**Problem requirements**
Transcribe the entries below exactly, starting with the line that has "Apple MacBook Air" and stopping after the line that has "trust investing review"; no pictures belong in the copy.
►
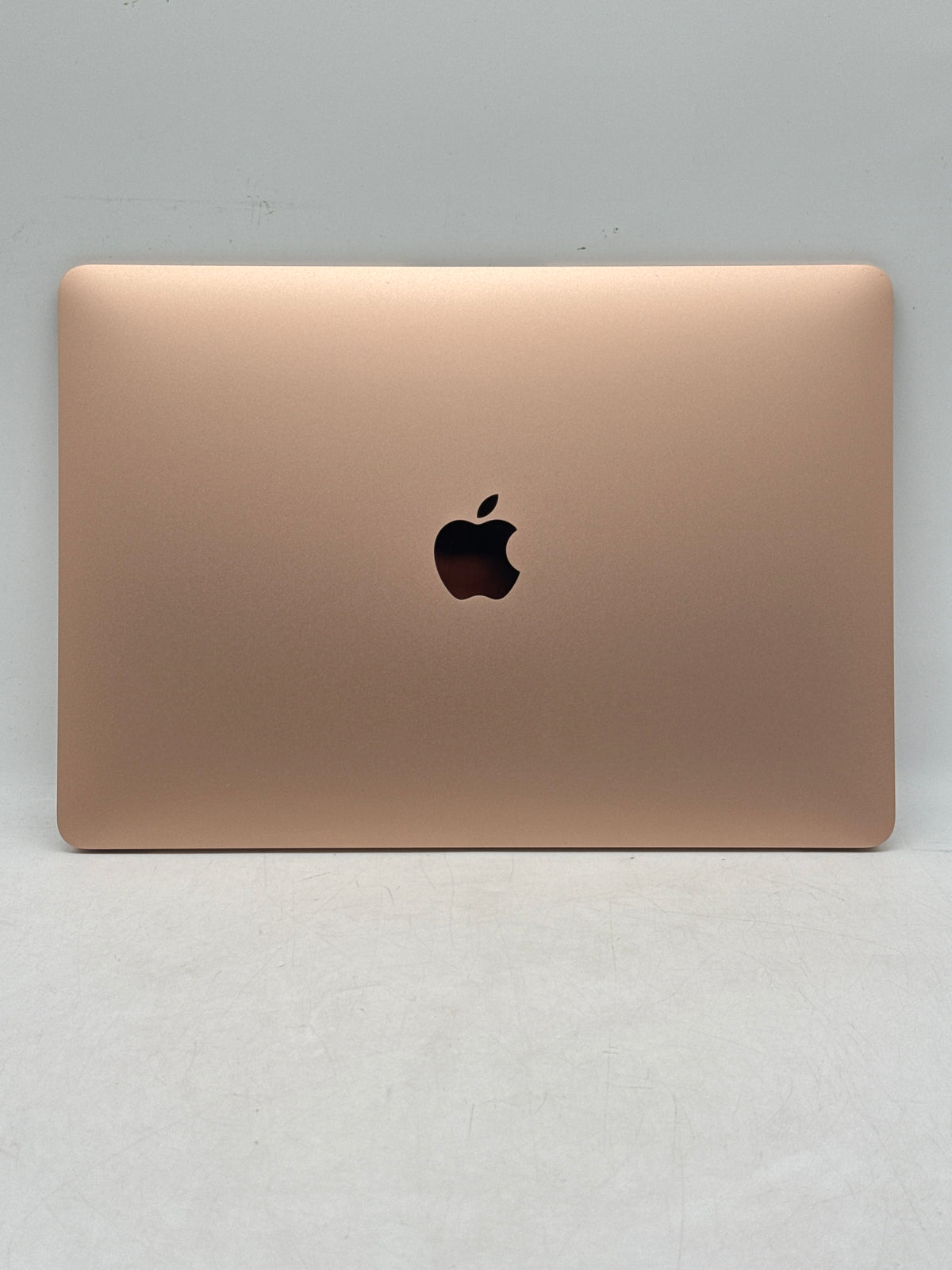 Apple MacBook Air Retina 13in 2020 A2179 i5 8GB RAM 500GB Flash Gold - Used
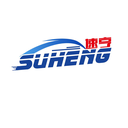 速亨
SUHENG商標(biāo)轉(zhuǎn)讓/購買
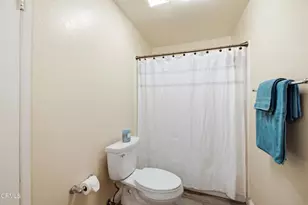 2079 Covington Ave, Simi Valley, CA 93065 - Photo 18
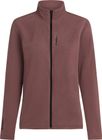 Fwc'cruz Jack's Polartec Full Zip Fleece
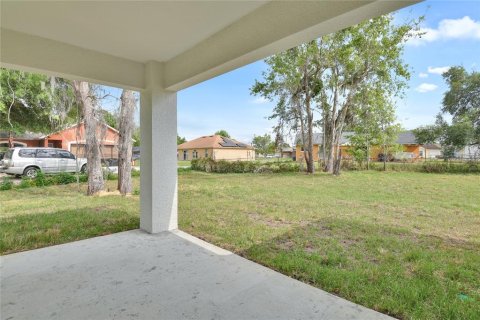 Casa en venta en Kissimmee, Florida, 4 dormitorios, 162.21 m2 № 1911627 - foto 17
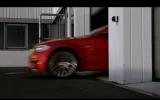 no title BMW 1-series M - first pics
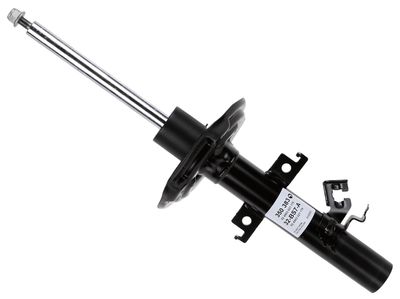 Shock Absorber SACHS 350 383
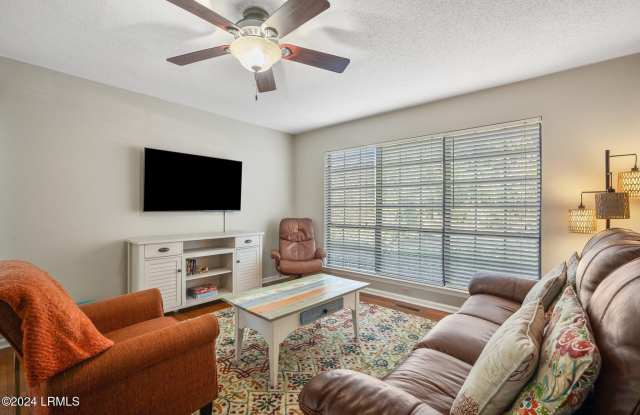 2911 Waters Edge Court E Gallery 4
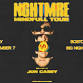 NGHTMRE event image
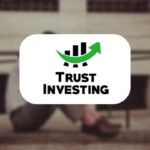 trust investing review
◄
►
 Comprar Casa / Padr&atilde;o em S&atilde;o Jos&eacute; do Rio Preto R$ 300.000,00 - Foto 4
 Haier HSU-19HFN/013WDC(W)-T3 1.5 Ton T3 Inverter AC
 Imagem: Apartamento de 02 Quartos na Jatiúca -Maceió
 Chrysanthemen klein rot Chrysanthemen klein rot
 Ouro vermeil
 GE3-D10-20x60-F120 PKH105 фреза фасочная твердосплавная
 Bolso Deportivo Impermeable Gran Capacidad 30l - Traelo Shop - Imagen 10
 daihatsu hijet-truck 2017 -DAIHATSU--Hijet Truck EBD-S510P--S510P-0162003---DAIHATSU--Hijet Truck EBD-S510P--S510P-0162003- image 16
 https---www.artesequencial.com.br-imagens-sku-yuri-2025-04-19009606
◄
**Result below**
 Apple MacBook Air Retina 13in 2020 A2179 i5 8GB RAM 500GB Flash Gold - Used
 速亨
SUHENG商標(biāo)轉(zhuǎn)讓/購買
 2079 Covington Ave, Simi Valley, CA 93065 - Photo 18
 Fwc'cruz Jack's Polartec Full Zip Fleece
 Casa en venta en Kissimmee, Florida, 4 dormitorios, 162.21 m2 № 1911627 - foto 17
 no title BMW 1-series M - first pics
 Shock Absorber SACHS 350 383
 2911 Waters Edge Court E Gallery 4
 NGHTMRE event image
 trust investing review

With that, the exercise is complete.